La Jetee (Chris Marker, 1962): France

Reviewed by Byron Potau. Viewed on DVD.

La Jetee

Who says science fiction needs great special effects? One of the most brilliant science fiction films, Chris Marker’s minimalist La Jetee, uses only still black and white photographs, except for a three second segment, and a narration to tell its story, but it is completely unforgettable and far superior to the 1995 Terry Gilliam film, Twelve Monkeys, which it inspired.

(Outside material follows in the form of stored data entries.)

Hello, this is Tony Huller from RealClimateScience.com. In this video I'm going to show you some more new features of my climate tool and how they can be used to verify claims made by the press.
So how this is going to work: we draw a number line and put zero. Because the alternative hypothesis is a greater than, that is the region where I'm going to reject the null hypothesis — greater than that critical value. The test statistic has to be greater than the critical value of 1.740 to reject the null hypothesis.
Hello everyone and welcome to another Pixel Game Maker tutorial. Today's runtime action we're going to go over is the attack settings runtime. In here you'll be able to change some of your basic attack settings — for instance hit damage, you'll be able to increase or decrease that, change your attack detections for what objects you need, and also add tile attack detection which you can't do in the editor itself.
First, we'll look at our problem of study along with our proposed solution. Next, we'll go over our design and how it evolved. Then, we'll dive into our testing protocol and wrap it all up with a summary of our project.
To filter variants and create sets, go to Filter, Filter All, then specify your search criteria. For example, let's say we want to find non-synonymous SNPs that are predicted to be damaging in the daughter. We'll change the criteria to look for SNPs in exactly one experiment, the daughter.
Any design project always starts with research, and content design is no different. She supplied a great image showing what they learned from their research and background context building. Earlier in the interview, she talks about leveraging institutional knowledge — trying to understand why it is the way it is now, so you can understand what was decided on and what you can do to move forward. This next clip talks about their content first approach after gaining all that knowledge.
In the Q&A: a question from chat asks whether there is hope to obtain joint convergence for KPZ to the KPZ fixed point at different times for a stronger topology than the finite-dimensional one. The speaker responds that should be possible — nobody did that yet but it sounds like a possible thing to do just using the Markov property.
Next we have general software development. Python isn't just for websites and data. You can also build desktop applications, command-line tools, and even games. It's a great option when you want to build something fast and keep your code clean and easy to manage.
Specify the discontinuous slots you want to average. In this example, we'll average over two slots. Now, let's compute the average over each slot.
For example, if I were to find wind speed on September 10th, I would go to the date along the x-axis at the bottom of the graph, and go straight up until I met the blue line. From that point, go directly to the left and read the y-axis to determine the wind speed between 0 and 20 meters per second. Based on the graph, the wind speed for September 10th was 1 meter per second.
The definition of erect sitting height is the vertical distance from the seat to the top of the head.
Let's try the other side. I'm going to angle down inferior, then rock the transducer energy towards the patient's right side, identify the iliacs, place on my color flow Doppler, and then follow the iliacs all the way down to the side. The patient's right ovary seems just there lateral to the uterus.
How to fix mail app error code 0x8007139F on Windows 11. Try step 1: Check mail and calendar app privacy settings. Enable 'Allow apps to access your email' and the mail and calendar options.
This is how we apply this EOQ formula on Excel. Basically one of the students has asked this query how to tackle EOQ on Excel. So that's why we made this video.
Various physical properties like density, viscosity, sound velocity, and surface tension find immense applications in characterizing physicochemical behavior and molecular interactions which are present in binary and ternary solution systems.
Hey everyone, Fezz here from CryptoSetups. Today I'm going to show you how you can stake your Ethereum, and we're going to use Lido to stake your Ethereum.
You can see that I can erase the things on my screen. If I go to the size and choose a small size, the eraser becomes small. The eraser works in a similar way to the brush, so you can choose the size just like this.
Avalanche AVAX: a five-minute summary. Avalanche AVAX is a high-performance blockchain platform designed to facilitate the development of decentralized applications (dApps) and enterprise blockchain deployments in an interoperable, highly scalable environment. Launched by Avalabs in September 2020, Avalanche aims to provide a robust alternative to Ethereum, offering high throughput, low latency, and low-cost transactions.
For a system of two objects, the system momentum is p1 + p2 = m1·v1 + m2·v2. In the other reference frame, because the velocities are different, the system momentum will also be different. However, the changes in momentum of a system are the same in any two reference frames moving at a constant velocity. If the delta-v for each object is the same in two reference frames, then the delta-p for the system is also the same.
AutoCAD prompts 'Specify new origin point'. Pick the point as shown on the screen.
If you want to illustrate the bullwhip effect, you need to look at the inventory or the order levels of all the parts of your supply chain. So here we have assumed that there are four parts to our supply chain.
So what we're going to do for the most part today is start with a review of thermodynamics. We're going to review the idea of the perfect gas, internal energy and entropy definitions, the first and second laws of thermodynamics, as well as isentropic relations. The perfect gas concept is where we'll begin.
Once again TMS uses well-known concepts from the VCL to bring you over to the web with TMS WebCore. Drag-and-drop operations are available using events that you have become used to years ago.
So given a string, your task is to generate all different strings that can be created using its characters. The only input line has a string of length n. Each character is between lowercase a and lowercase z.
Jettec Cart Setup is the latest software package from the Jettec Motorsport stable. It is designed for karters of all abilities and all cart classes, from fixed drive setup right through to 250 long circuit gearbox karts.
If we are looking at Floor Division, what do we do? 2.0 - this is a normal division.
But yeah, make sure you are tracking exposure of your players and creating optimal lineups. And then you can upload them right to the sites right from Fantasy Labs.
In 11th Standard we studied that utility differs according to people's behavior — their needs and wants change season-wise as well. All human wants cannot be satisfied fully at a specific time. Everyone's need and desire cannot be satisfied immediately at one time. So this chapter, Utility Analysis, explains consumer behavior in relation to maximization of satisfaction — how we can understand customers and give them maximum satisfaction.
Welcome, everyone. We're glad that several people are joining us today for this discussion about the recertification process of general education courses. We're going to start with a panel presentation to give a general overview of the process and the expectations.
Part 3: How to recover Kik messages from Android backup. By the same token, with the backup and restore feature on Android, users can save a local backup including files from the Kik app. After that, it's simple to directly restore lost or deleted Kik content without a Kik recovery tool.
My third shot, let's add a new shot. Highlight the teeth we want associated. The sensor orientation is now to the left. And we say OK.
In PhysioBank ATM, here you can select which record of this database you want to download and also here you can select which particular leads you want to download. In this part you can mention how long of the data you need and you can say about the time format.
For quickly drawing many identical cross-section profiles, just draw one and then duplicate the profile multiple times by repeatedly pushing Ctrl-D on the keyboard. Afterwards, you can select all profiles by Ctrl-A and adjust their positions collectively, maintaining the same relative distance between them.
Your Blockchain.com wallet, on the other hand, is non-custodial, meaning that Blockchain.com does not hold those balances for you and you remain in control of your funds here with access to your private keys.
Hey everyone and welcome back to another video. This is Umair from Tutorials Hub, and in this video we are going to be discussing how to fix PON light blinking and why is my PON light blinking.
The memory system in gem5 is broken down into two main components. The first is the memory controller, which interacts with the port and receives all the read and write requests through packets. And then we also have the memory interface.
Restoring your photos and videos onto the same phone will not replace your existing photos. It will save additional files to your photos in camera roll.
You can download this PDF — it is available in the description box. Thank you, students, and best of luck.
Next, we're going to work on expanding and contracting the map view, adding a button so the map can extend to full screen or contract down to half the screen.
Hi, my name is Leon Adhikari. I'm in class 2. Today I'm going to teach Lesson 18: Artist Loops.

The film tells the story of a man (Davos Hanich) who is haunted by an image from his childhood of a woman’s face that he saw right before he witnessed a man die when he was at the observation deck at the airport. When World War III destroys Paris and much of the rest of the world making it uninhabitable with radioactivity the survivors live underground where one group of men have taken several other men prisoner. Our subject is one of the prisoners and he is next to be experimented on by the group’s scientists who have singled him out because of his fixation on the image from his childhood. Knowing that civilization is doomed their only hope is to find a way to get help from the future and so have been conducting time travel experiments on prisoners with strong singular memories, many of whom have gone mad from the shock of the procedure. After several experiments they are able to send our subject back in time where he meets the woman (Helene Chatelain) whose face has haunted him.

Because the film has an apparent handicap in relying on still photographs it would seem surprising how well the film succeeds, but in fact it feels amazingly natural and we hardly miss motion at all. The use of the still photographs is a tremendous compliment to and in perfect tune with the film’s theme of memory.

The photographs, themselves, are brilliant and memorable compositions with some of the most starkly poetic images ever put on film. However, it is not just the aesthetics of the images, but how they are photographed and edited together which moves the film forward so smoothly. There is panning and zooming on the individual photographs, and Jean Ravel’s editing does not just show one photograph after another, but cuts them together like a scene to create tension, mood, and a sense interaction between the characters.

The film’s brilliance is also due, in no small part, to Marker’s gripping and intelligent story. The film’s twist ending is particularly satisfying. The narration by Jean Negroni has a grim sparseness to it which matches well to the film’s post apocalyptic surroundings.

The sound design by Antoine Bonfanti helps to underscore the scene and bridge the gap between the photographs as we connect them into a fully realized scene.

Indeed, all of the components of the film; story, narration, editing, sound, and image seem to be in perfect unison creating not only one of cinema’s greatest science fiction films of all time, but one of the great works of art of the 20th century.